Las paradojas son herméticas, solo el invento disipa su misterio, pero jamás lo disuelve. Para inventar hay que tener talento, pero para que se te reconozca esa capacidad de inventar, alguien con poder, una persona del mundo, te tiene que otorgar la patente y reconocer así ese talento creativo. A lo largo de los siglos se ha capitalizado el invento de tal forma que, aparentemente, las mujeres parecían tener escaso talento, salvo excepciones. Sus maridos y parientes, sin embargo, inventaban muchas cosas, inspiradas en incontables ocasiones por sus esposas e hijas (háganme el favor de percatarse del sarcasmo). La inspiración, señores, no es otra cosa que talento, creo que les traicionaba el subconsciente cuando admitían que eran ellas las que les impulsaban a sus labores creativas. Tan creativas eran ellas que, sin ellas, la humanidad no existiría. Tan creativas somos que, sin las mujeres, el mundo no tendría sentido.

Se trata de eso, de la interpretación, de desentrañar el sentido del mundo, de este monstruoso engendro fruto de nuestra inventiva. Si queda expuesto a la luminosidad de lo exitoso, los hombres se cargan de medallas y lideran la paternidad del mundo; si lo observan sumido en la oscuridad o en la ciénaga de sangre acumulada a lo largo de la Historia, los hombres ejercen su paternalismo, se aferran al poder, se consideran capaces de cambiar el mundo.

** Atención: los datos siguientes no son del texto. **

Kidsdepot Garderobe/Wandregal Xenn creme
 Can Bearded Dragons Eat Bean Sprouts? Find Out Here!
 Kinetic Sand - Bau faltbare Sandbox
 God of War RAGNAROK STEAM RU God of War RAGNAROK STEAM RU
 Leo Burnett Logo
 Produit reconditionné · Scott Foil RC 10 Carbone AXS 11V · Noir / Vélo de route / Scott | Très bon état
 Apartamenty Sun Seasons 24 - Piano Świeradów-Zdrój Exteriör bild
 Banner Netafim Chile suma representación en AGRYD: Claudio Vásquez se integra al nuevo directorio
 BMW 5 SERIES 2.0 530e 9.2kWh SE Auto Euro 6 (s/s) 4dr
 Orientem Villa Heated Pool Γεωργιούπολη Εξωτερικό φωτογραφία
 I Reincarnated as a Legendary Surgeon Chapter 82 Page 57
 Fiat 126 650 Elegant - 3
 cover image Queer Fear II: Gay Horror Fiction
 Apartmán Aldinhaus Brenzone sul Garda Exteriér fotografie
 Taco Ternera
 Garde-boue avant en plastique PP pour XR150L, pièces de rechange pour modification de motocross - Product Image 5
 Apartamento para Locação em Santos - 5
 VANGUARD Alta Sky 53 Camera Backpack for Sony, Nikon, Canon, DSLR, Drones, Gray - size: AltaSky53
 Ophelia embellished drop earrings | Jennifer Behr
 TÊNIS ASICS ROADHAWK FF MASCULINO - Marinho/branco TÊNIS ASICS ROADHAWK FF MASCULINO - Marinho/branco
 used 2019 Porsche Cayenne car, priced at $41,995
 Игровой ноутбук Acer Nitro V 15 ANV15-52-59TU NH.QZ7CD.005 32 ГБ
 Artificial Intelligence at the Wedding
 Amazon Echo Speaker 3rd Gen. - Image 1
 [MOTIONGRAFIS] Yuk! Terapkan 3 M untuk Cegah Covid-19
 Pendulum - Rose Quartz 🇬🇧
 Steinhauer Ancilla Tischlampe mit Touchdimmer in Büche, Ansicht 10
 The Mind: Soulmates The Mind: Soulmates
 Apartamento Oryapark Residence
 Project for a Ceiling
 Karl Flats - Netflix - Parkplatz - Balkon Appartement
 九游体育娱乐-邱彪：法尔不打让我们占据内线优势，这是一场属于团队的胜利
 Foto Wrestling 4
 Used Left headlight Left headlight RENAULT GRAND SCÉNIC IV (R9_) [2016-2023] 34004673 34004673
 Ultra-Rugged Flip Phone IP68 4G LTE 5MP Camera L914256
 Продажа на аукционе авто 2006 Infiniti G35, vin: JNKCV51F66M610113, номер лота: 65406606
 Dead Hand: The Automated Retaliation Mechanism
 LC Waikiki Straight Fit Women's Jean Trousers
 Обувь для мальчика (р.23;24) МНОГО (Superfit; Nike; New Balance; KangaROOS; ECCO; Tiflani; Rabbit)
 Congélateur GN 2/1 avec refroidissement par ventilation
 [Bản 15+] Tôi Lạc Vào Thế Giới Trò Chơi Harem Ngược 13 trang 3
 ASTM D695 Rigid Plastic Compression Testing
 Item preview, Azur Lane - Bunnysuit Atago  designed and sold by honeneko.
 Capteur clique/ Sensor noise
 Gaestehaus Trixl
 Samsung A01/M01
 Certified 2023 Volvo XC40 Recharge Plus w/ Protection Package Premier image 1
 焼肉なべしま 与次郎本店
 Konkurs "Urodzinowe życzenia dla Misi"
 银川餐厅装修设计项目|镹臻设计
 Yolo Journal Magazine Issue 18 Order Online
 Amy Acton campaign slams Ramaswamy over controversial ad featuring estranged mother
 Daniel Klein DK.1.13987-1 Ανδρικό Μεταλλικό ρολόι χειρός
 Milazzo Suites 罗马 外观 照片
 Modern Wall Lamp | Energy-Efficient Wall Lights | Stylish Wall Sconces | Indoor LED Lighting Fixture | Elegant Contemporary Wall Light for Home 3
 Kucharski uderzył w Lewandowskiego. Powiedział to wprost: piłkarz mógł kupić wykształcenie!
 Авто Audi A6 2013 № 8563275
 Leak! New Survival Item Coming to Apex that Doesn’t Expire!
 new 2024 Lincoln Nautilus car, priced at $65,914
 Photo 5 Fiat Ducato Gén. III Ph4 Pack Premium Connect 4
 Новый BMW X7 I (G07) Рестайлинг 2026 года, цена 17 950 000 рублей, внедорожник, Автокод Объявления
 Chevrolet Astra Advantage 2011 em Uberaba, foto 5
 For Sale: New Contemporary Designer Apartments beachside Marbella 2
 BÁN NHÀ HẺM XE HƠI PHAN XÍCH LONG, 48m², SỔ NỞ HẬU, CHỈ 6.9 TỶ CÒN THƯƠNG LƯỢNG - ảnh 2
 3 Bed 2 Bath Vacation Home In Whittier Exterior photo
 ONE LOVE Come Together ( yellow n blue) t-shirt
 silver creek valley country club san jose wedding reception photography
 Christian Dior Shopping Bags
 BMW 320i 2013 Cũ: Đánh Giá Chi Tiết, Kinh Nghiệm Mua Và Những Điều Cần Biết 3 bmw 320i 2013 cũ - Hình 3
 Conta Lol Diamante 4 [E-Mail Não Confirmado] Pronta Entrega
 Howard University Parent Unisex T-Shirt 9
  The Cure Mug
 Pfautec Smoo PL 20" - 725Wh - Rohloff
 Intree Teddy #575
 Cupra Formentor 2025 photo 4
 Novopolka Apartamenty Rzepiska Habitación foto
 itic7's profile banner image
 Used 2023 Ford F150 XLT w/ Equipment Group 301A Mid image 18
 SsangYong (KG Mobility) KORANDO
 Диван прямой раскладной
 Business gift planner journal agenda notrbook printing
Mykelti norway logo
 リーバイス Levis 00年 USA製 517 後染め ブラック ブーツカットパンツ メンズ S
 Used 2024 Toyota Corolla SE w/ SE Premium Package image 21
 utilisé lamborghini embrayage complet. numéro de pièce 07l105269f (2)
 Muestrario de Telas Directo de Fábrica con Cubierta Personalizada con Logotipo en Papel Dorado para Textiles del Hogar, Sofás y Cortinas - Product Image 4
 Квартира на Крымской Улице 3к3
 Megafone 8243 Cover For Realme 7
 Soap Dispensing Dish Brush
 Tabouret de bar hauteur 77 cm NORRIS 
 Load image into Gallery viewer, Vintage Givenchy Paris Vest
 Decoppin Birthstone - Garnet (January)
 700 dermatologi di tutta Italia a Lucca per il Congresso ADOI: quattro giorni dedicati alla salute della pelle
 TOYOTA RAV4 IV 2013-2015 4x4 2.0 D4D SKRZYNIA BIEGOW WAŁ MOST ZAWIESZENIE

Las mujeres tenemos nuestras dudas, llevamos siglos dudando, estamos incluso convencidas de que las capacidades de cada ser humano no dependen ni siquiera del talento innato -aunque esto influya- sino que resulta imprescindible que cada ser humano tenga la oportunidad de desarrollarlas a través de la educación y del resto de posibilidades que el mundo debería ofrecer de una manera equitativa, incluidas las posiciones de poder social y político. Muchos hombres a lo largo de la Historia han luchado por sus derechos y se han posicionado, incluso, al lado de la lucha de las mujeres por los suyos; también en estos tiempos que corren, donde campa a sus anchas la controversia, donde los cambios políticos de actualidad se nos antojan espejismos, una vuelta a atrás provocada por el miedo a la pérdida de privilegios de las clases sociales más favorecidas. Siempre es lo mismo, pero si nos fijamos bien, si tomamos perspectiva, se han producido avances. No hay que desfallecer. La evolución es costosa. Desaprender y aprender, ¿quién se atreve?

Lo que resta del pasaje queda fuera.